Thursday, October 27, 2022, 16:00
OFLG/402
Remo Schäppi, ETHZ
Abstract:
The aviation and shipping sectors are strongly dependent on liquid
hydrocarbon fuels derived from fossil fuels and are contributing
approximately 8% of the total anthropogenic CO2 emissions.
Based on projected growth, this proportion could progressively become a
dominant CO2-emissions source, but the decarbonization of
these transportation sectors via battery-driven electric propulsion is
unfeasible for long haul commercial travel. Alternatively, drop-in fuels
- synthetic and completely interchangeable substitutes for conventional
petroleum-derived hydrocarbons (e.g. kerosene, gasoline, diesel,
methanol) - can be synthesized from H2O and CO2
using solar energy.
The presentation reports on the experimental pilot demonstration of a modular solar dish-reactor system for the solar thermochemical fuel production from ambient air using concentrated solar energy. It describes the complete process chain and its key components, and presents representative on-sun runs with fully-automated consecutive CO2-splitting and H2O-splitting redox cycles.

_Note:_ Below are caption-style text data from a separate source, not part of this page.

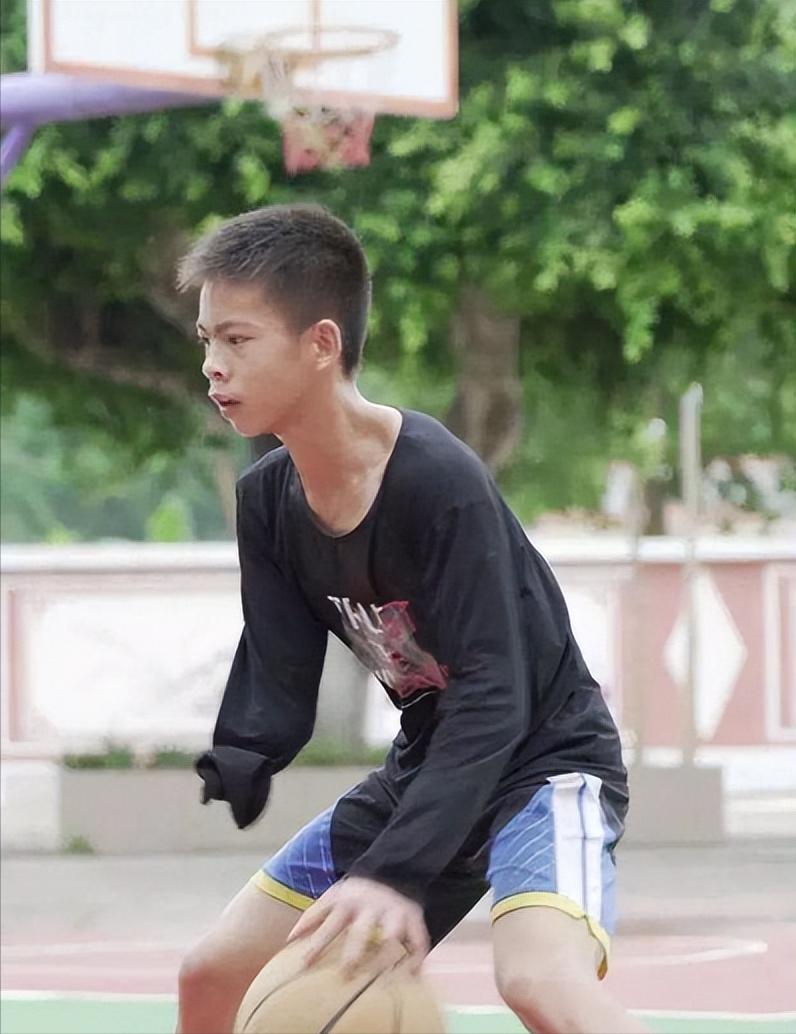 独臂少年张家城：单手托起篮球梦，两年时间练坏七双鞋(2)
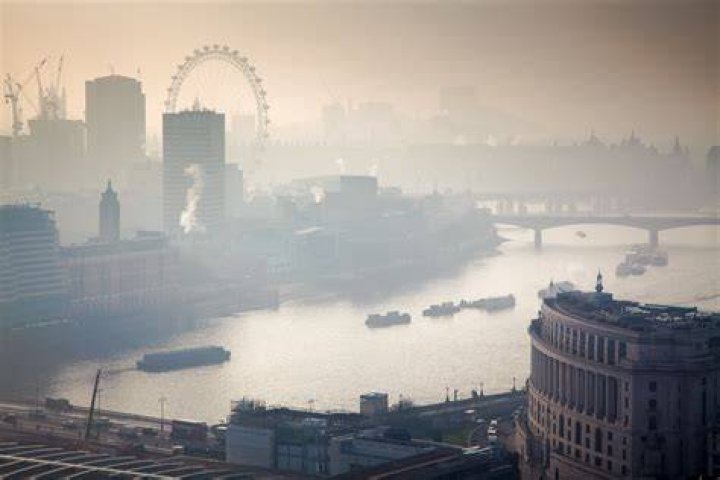 When did London stop being foggy?
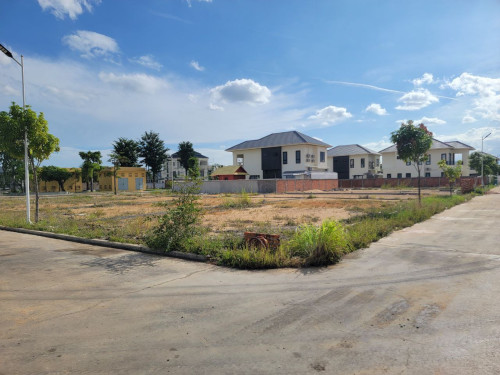 ដីកែងលក់ ផ្លូវធំ (ខ្នាតវីឡា) ធូរថ្លៃជាងគេ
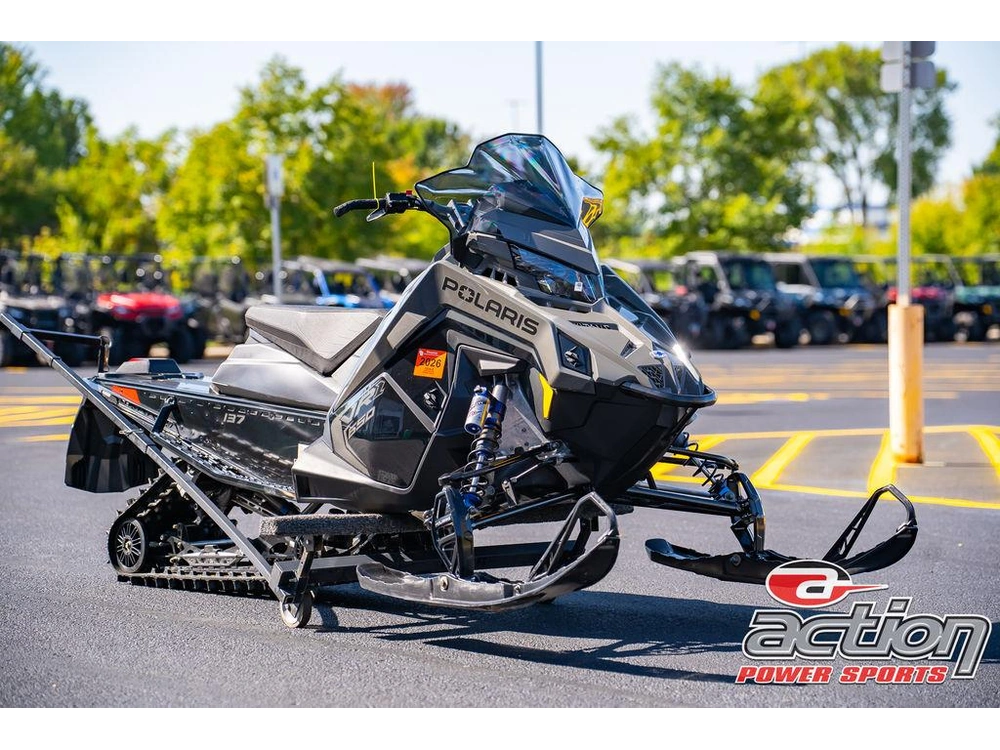 2025 Polaris Indy Vr1 137 650 alt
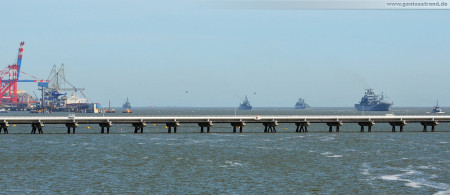 Schlepper Knechtsand, Versorger Frankfurt am Main, Fregatte Brandenburg, Emden, Bremen und zwei Sea Lynx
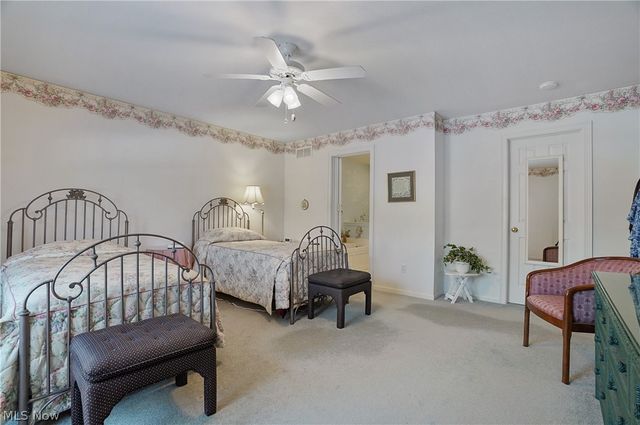 421 W Reserve Drive 82, Cuyahoga Falls, OH 44223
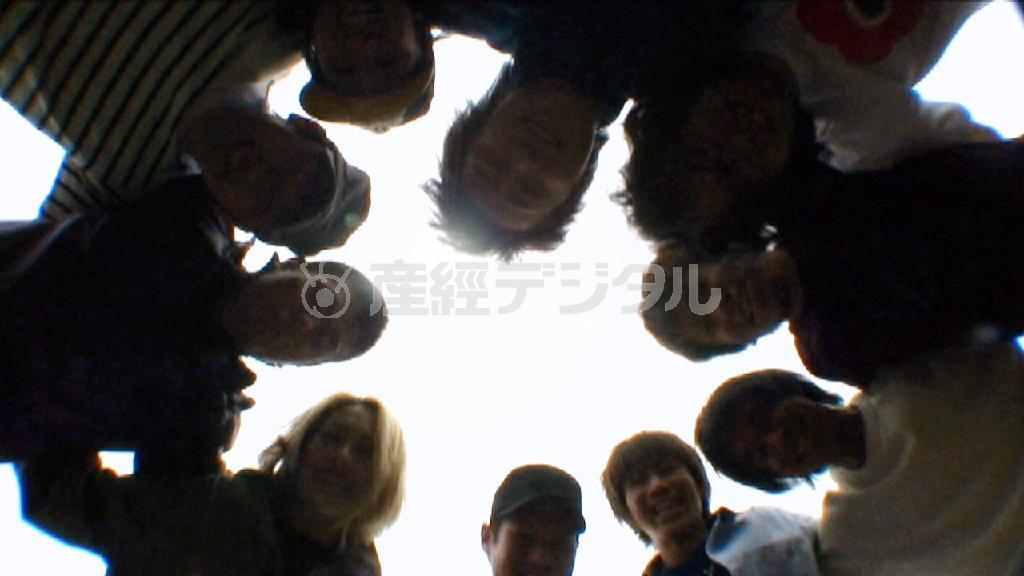 Ｃｈｉｍ↑Ｐｏｍ「気合い１００連発」（提供写真）。（Ｃ）Ｃｈｉｍ↑Ｐｏｍ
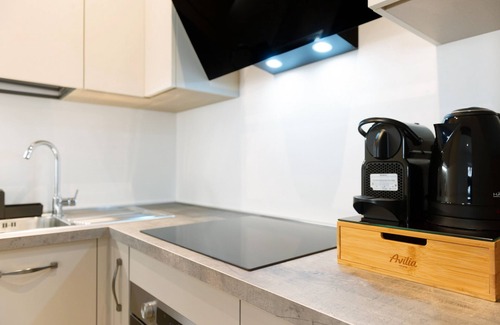 Giaveno Apartment | San Lorenzo Apartment with Balcony and Air Conditioning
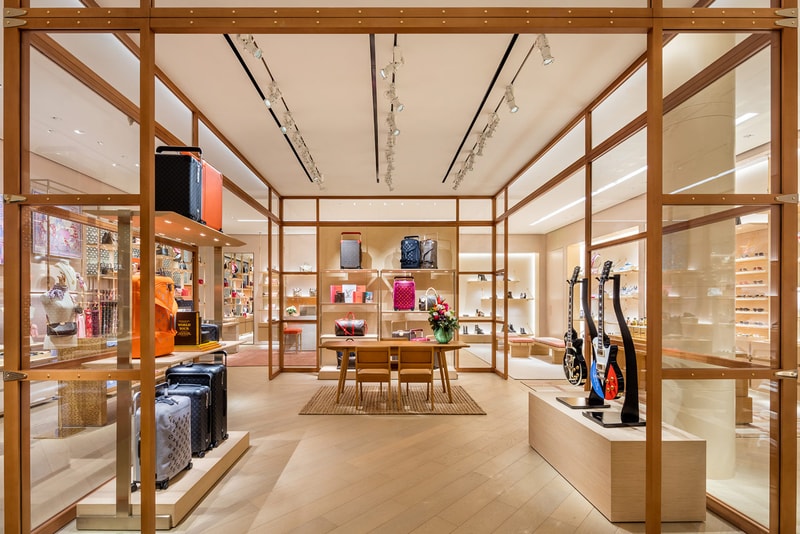 Louis Vuitton Nashville Debuts Gibson Guitars Hypebeast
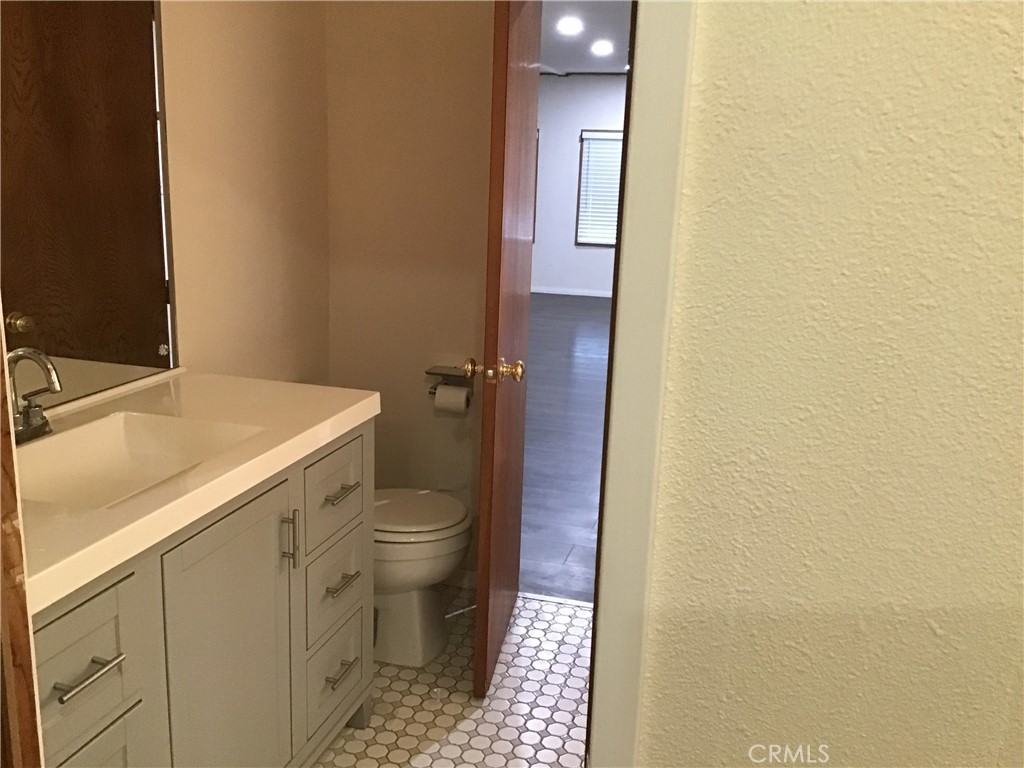 Serena (SERN) - Manufactured In Park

The system integrates three thermochemical units operated in series,
namely: 1) the capture of CO2 and H2O directly
from ambient air via an adsorption-desorption cyclic process; 2) the
co-splitting of CO2 and H2O to generate a specific
mixture of CO and H2 (syngas) via a reduction-oxidation
cyclic process using concentrated solar energy; and, 3) the
gas-to-liquid synthesis of methanol or Fischer-Tropsch fuels.